Work to be completed: The entries below contain pictures. Write out only the lines from the line with "Дроссельная заслонка Хонда" up to and including the line with "Rencontrez un voyageur", exactly, without them.

Source records:
□ □ □ □ □ □ □

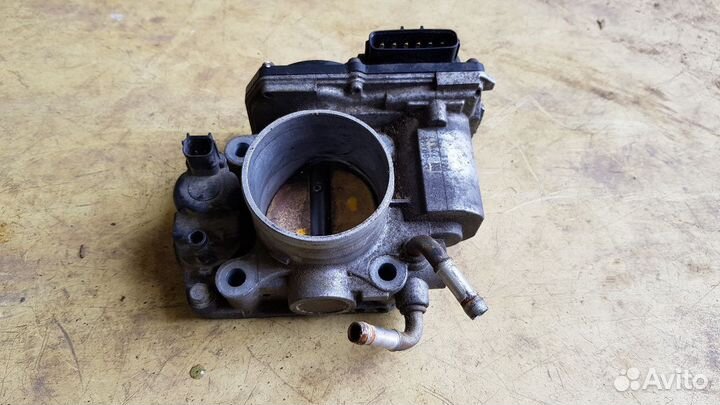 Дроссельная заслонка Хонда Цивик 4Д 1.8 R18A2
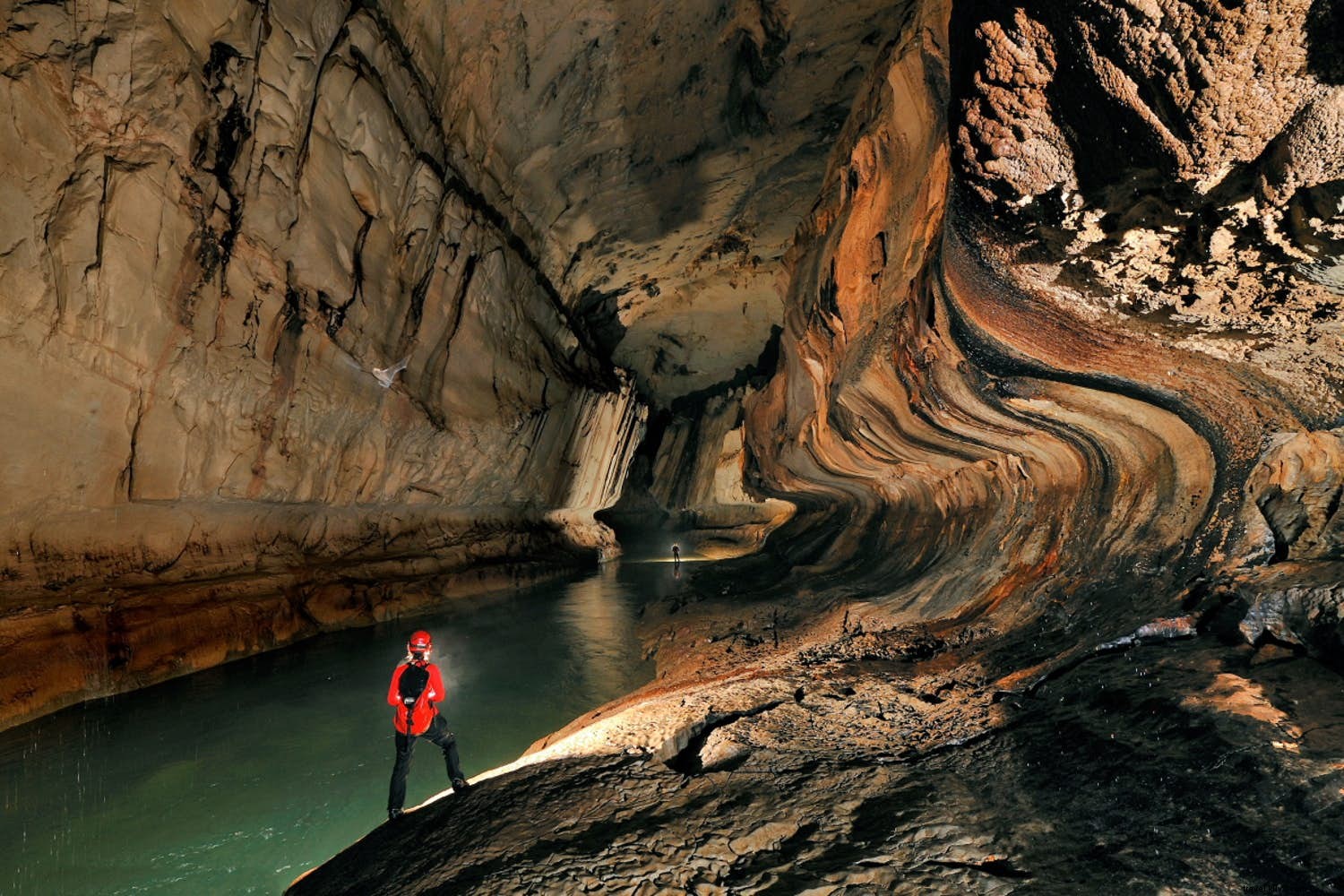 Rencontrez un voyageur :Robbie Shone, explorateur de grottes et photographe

□ □ □ □ □ □ □

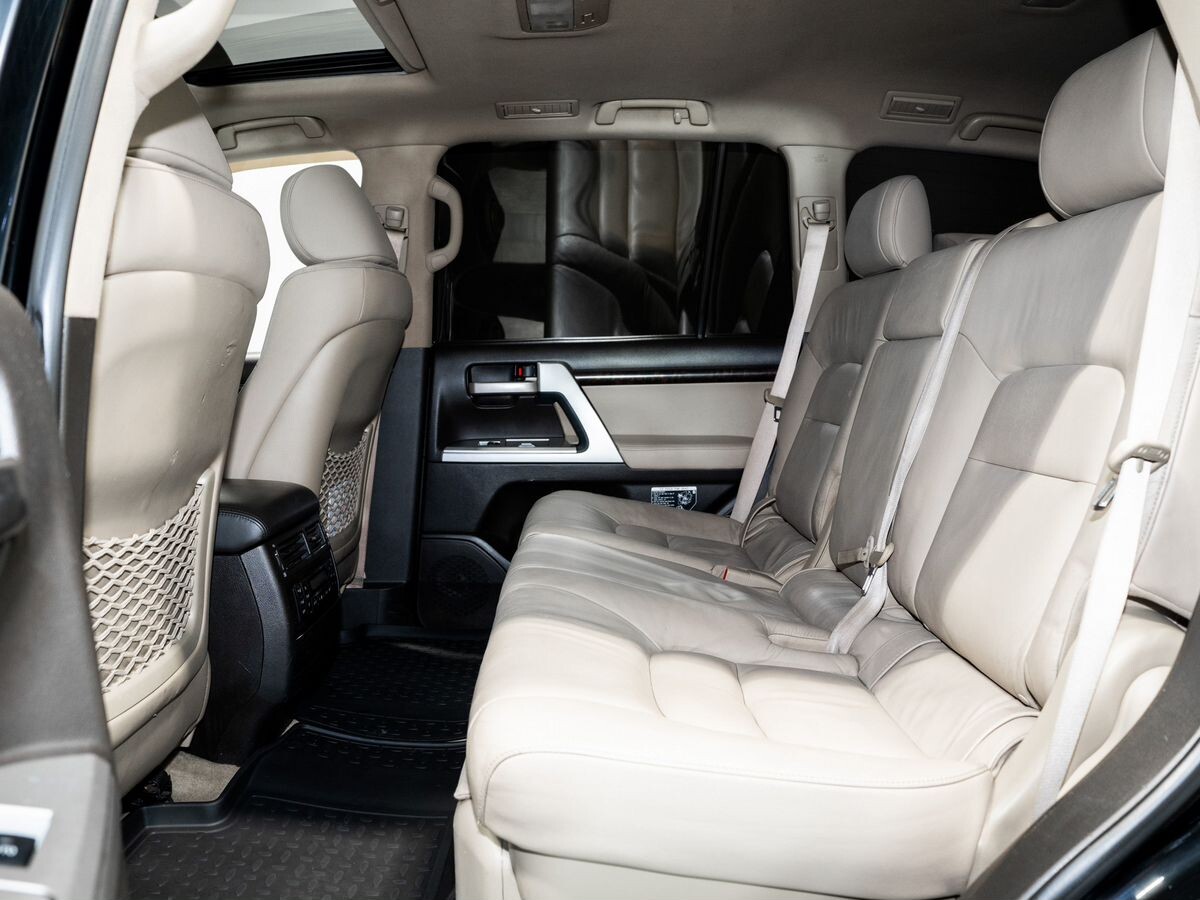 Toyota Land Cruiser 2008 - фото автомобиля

□ □ □ □ □ □ □

Result below:
 Дроссельная заслонка Хонда Цивик 4Д 1.8 R18A2
 Rencontrez un voyageur :Robbie Shone, explorateur de grottes et photographe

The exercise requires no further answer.